Педагогическая поэма
Наконец, меня вызвали в кабинет высокой организации. Бритый человек поднял голову от бумаг и сказал:
— Садитесь, товарищ Макаренко.
В кабинете были Джуринская и Клямер.
Я уселся.
Бритый негромко спросил:
— Вы уверены, что с вашими воспитанниками вы одолеете разложение в Куряже?
Я, вероятно, побледнел, потому что мне пришлось прямо в глаза, в ответ на честно поставленный вопрос солгать:
— Уверен.
Бритый пристально на меня посмотрел и продолжал:
— Теперь еще один технический вопрос — имейте в виду, товарищ Клямер, технический, а не припнципиальный, — скажите, коротко только, почему вам нужно не сорок воспитателей, а пятнадцать, и почему вы против оклада в сорок рублей?
Я подумал и ответил:
— Видите ли, если коротко говорить: сорок сорокарублевых педагогов могут привести к полному разложению не только коллектив беспризорных, но и какой угодно коллектив.

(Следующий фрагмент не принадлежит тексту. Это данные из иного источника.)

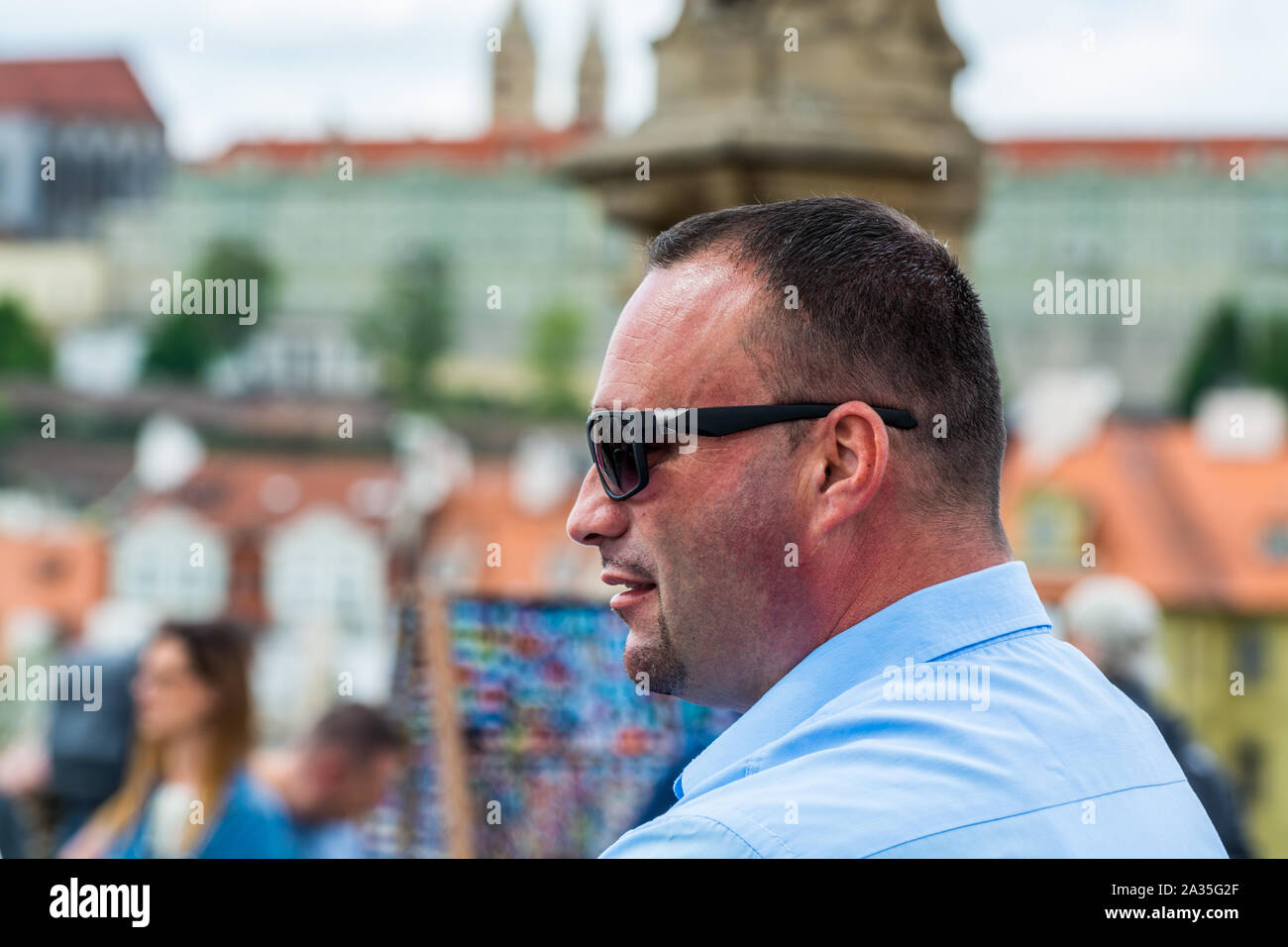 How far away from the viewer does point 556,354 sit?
157 ft

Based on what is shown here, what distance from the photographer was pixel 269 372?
48000mm

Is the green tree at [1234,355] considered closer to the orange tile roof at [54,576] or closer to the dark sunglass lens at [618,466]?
the orange tile roof at [54,576]

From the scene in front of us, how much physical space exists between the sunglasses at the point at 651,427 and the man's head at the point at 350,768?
2.19 metres

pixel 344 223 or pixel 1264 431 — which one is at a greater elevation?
pixel 344 223

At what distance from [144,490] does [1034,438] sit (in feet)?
64.3

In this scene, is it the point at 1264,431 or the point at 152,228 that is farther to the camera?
the point at 152,228

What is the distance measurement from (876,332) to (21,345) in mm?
50624

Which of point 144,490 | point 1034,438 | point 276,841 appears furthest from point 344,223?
point 276,841

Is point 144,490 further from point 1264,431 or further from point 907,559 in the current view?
point 907,559

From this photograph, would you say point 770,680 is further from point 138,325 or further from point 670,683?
point 138,325
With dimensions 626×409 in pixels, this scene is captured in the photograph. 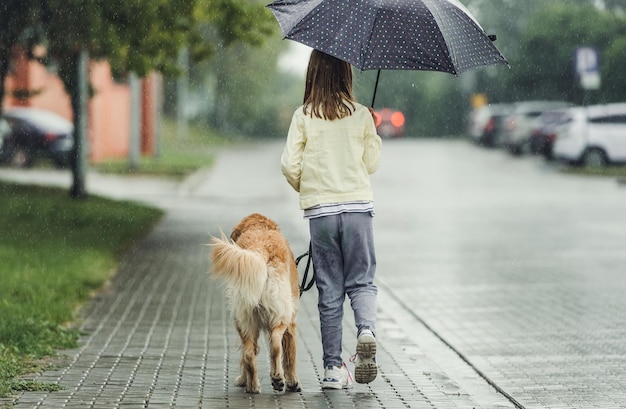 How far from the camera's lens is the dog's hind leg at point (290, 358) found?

Бритый вдруг откинулся на спинку кресла в открытом закатистом смехе и, показывая пальцем, спросил сквозь слезы:
— И даже коллектив, состоящий из Клямеров?
— Неизбежно, — ответил я серьезно.
С бритого как ветром сдуло его осторожную официальность. Он протянул руку к Любови Савельевне:
— Не говорил ли я вам: «числом поболее, ценою подешевле»?
Он вдруг устало покачал головой и, снова возвращаясь к официальному деловому тону, сказал Джуринской:
— Пусть переезжает! И скорее!
— Двадцать тысяч, — сказал я, вставая.
— Получите. Не много?
— Мало.
— Хорошо. До свиданья. Переезжайте и смотрите: должен быть полный успех.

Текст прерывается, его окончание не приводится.